## Work instruction
The entries below are to be written out exactly, with no images included.

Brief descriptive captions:

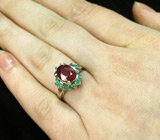 Изящное кольцо с сапфиром и изумрудами Серебро 925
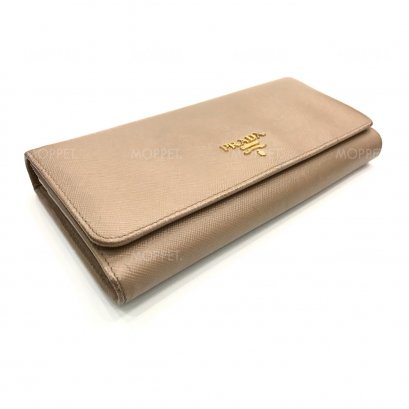 Used Prada Saffiano Long Wallet in Cammeo GHW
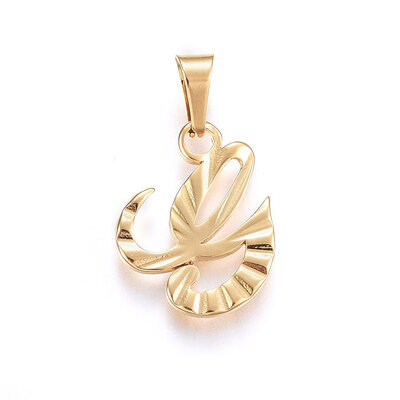 

304 Stainless Steel Pendants Alphabet Golden LetterG 14x13x1mm Hole 6x3mm
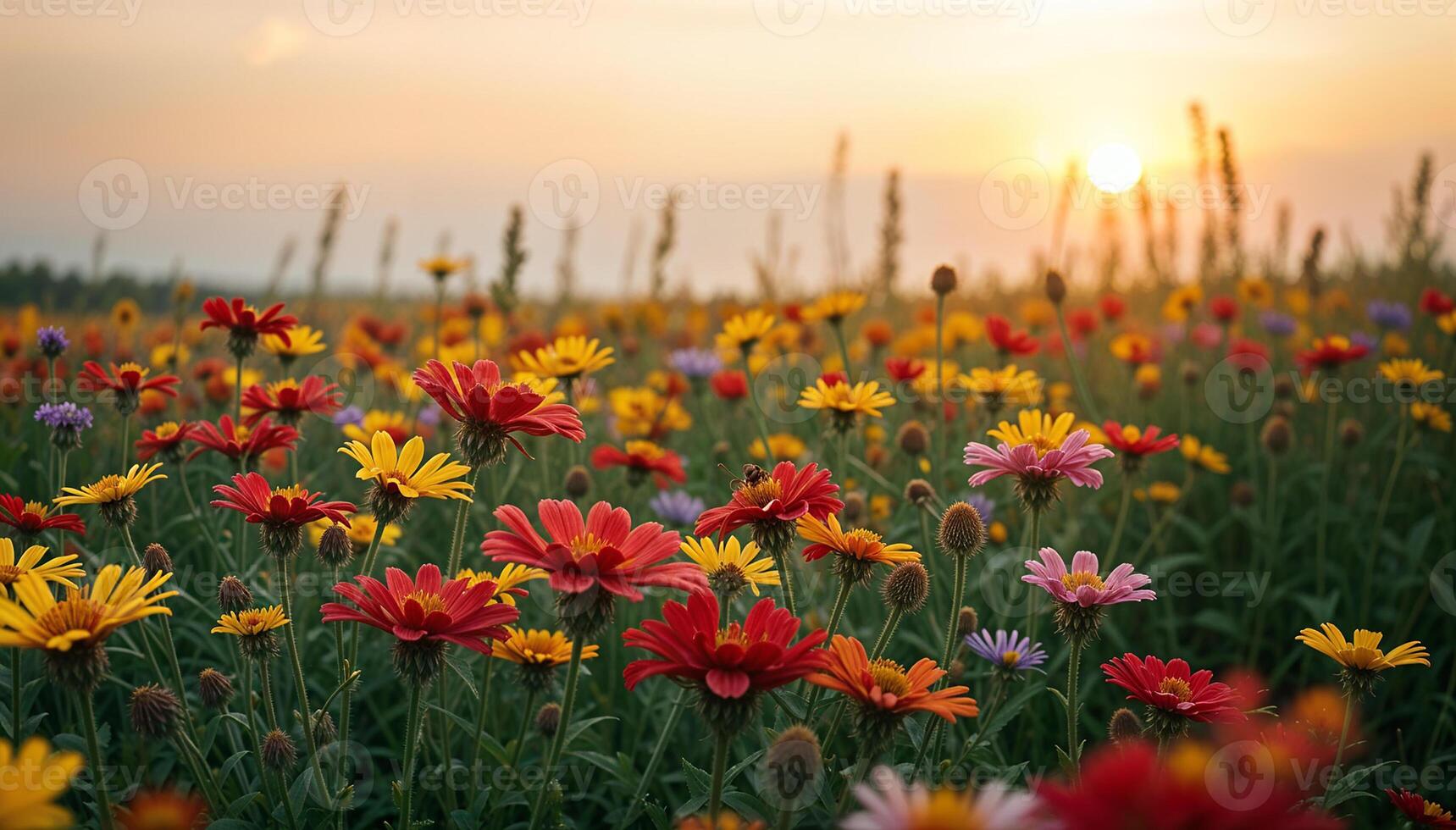A Serene Scene with Buzzing Bees and Gentle Breezes photo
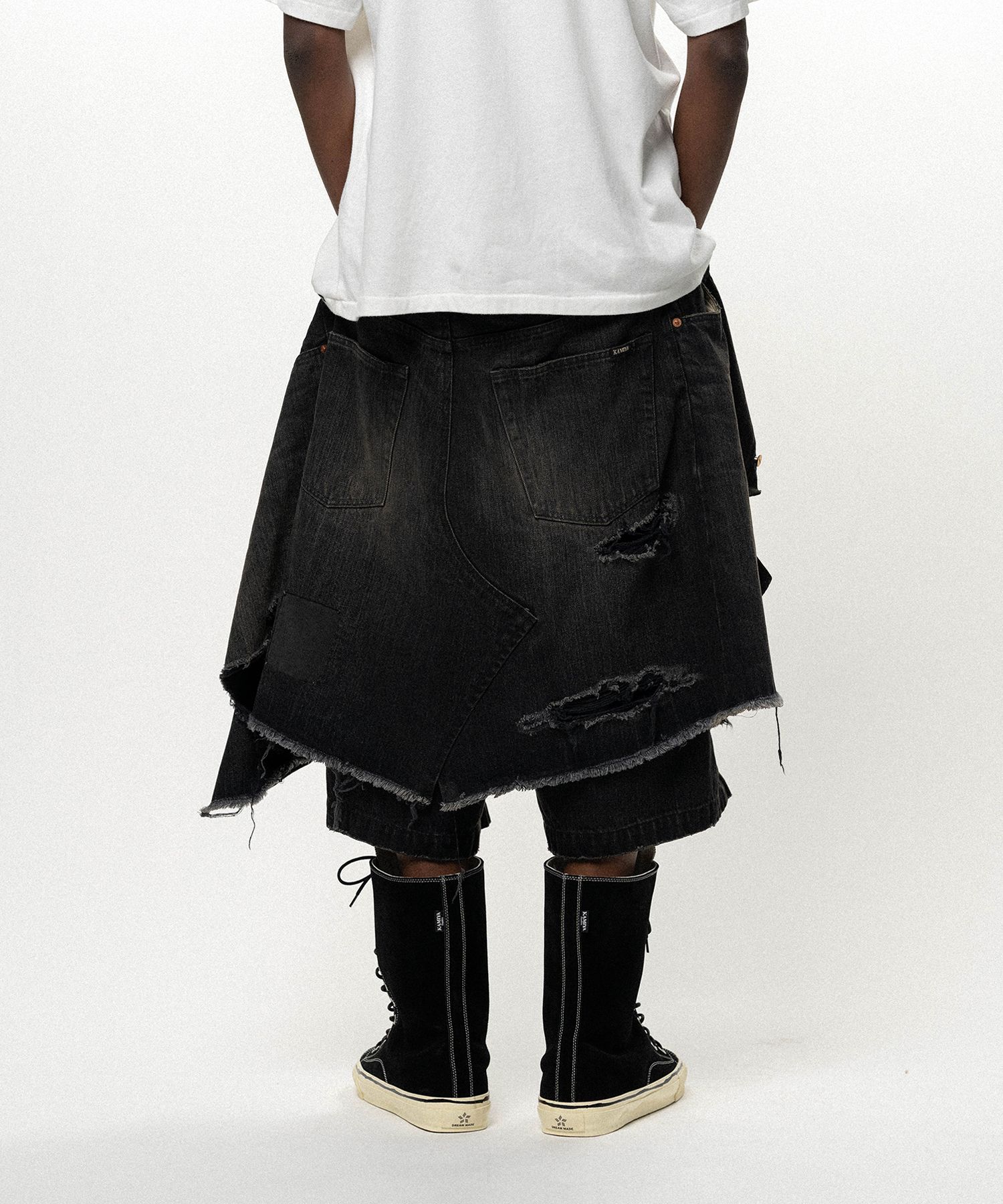 Repaired Layered Denim Shorts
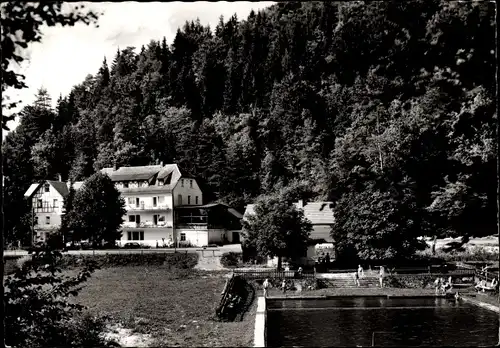 Ak Doos Waischenfeld in der Fränkischen Schweiz Bayern, Gasthof Heinlein, Schwimmbacken, Garten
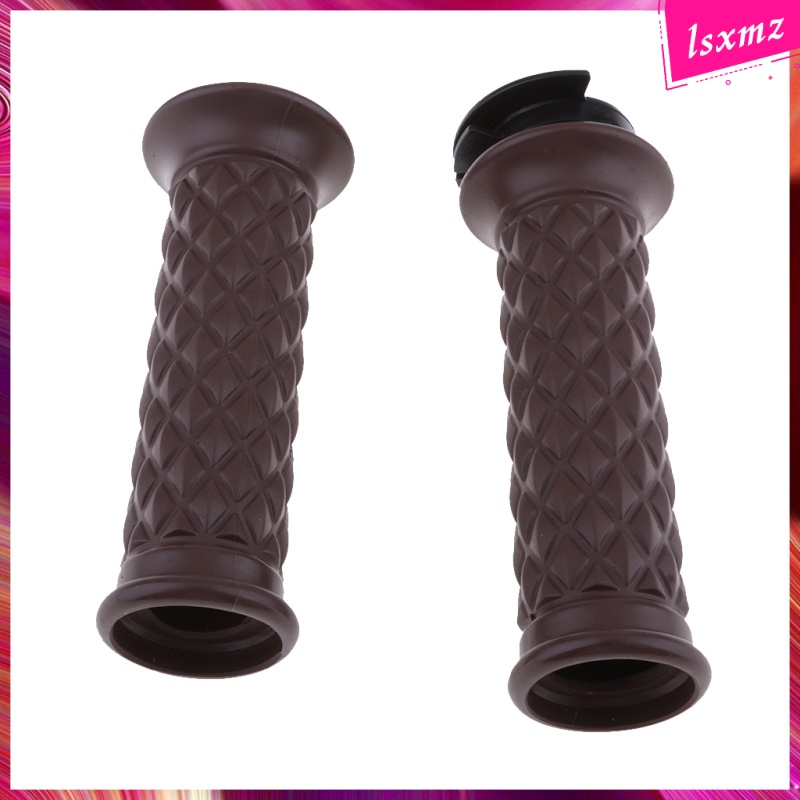  Brown Durable Rubber Cafe Racer Style Hand Grips 7/8\'\' (22mm) Diamond Pattern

## Solution
 Изящное кольцо с сапфиром и изумрудами Серебро 925
 Used Prada Saffiano Long Wallet in Cammeo GHW

304 Stainless Steel Pendants Alphabet Golden LetterG 14x13x1mm Hole 6x3mm
A Serene Scene with Buzzing Bees and Gentle Breezes photo
 Repaired Layered Denim Shorts
 Ak Doos Waischenfeld in der Fränkischen Schweiz Bayern, Gasthof Heinlein, Schwimmbacken, Garten
  Brown Durable Rubber Cafe Racer Style Hand Grips 7/8\'\' (22mm) Diamond Pattern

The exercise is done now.